Monday, 27 September 2010

Not just a pig farmer


I looked at them huddled by the fence in the top field. They stared back with a "you haven't the first idea what to do" look.

Which just goes to show how right sheep can be.

Last spring I foolishly mentioned to our neighbour Marcus that I thought it was about time we had a few sheep, partly for ground maintenance and also for the freezer. Fine, the best thing was to wait for autumn and pick up some of the smaller lambs not going to market.

So he turned up the other day with three fairly small (but not that small) sheep in his trailer. I climbed in and hauled them out one-by-one and. . . well, that's about it so far.

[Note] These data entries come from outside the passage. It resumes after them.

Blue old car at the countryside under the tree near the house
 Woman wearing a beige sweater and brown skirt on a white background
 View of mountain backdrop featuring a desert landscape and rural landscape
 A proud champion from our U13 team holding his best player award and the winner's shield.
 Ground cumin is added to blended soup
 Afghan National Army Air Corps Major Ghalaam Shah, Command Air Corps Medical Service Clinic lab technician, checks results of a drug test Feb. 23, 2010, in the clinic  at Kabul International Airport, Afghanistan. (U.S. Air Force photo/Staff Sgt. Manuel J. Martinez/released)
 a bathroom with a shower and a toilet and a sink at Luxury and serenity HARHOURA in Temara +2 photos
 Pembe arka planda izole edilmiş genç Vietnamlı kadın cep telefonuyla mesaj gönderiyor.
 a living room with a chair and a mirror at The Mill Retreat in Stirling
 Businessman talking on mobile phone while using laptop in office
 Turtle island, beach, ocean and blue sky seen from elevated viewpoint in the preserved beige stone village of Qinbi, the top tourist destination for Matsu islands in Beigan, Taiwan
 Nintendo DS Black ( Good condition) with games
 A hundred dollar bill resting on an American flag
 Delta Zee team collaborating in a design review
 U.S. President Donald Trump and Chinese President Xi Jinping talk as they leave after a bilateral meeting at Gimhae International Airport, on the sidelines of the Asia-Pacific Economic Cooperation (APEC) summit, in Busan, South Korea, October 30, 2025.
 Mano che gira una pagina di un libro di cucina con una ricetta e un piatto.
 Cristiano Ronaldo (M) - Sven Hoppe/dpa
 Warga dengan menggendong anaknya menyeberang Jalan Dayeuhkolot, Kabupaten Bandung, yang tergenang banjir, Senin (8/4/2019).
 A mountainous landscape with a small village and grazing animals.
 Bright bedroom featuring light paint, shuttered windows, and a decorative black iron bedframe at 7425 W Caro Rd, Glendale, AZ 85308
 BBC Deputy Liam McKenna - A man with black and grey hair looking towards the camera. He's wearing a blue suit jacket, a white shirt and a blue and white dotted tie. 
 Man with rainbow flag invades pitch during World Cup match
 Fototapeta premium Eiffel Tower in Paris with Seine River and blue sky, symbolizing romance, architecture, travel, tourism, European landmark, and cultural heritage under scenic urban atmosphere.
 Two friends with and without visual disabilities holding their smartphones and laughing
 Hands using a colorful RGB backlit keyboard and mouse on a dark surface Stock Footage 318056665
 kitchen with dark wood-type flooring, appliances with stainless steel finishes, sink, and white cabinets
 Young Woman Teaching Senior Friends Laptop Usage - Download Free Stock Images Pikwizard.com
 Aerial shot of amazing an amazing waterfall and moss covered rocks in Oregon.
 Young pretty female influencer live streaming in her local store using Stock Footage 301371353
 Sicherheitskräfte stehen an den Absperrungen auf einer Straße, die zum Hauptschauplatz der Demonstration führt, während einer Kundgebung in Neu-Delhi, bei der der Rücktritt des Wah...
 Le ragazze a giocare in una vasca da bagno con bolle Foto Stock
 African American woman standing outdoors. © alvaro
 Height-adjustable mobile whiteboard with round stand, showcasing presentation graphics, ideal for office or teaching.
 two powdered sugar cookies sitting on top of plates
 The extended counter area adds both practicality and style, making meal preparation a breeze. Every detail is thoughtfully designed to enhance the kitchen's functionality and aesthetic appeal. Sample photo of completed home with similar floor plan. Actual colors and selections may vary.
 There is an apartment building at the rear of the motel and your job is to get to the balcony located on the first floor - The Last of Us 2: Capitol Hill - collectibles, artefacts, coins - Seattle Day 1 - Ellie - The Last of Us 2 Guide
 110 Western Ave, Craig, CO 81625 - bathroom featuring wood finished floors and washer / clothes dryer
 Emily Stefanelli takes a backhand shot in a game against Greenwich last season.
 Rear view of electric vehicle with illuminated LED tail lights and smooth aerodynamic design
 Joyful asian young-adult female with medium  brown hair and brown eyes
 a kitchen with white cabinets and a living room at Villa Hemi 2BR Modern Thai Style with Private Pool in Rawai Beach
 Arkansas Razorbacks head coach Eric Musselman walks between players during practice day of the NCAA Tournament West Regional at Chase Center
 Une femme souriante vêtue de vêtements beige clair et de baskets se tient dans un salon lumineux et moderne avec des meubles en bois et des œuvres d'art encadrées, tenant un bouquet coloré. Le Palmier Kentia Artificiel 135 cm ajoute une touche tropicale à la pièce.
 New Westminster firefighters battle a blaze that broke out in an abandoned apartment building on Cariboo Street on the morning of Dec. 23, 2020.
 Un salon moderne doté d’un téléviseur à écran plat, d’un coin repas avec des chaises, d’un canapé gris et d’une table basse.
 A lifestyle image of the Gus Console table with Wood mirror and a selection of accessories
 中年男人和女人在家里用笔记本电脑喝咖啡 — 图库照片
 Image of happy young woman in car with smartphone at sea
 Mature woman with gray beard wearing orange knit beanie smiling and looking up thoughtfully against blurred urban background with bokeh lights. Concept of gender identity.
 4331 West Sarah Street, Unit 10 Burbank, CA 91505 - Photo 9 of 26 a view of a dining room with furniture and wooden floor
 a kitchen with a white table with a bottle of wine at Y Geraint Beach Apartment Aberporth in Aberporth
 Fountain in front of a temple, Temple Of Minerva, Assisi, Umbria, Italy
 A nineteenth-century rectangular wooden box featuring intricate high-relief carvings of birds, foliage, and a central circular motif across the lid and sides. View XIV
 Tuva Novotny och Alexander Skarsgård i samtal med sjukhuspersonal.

They're quite settled in the top field, spending most of their time by the fence near Alfie the boar, but I can't help feeling there's something I should be doing.

Pigs need attention, shelter, feeding and watering. Sheep need. . . well, not much it seems, so long as there's grass. Not that there's much chance of me doing anything with them. They haven't let me within ten metres of them yet.

Wednesday, 22 September 2010

Morale-booster on a rainy day


A Westray September is a moody companion. The equinox brought strong winds, first from the southwest, then from the cold north. Heavy rains have forced many of the pigs indoors. We've even had hail.

Yet there have been sunny days that have felt like small miracles as summer fades into the memory.

We've dragged ourselves out for walks on some of the island's best beaches, but only one of us has been in for a swim.

Sunday, 19 September 2010

Left a bit, down a bit

"Stand over there and let me know if I need to stop," said Bruce, clambering aboard a digger the size of a Tiger tank and firing up an engine that could be heard 150 miles away in Inverness.

"Whaaaoooo!!" I shouted about seven seconds later, adding some frantic, flagless semaphore just in case Bruce hadn't got the message.

Pulling over a decrepit, old lean-to at the front of our house to make way for a lovely new extension with big windows to enjoy the view over the sea to Rousay and Orkney Mainland sounded simple enough - large cracks had appeared and the thing was already edging away from the house.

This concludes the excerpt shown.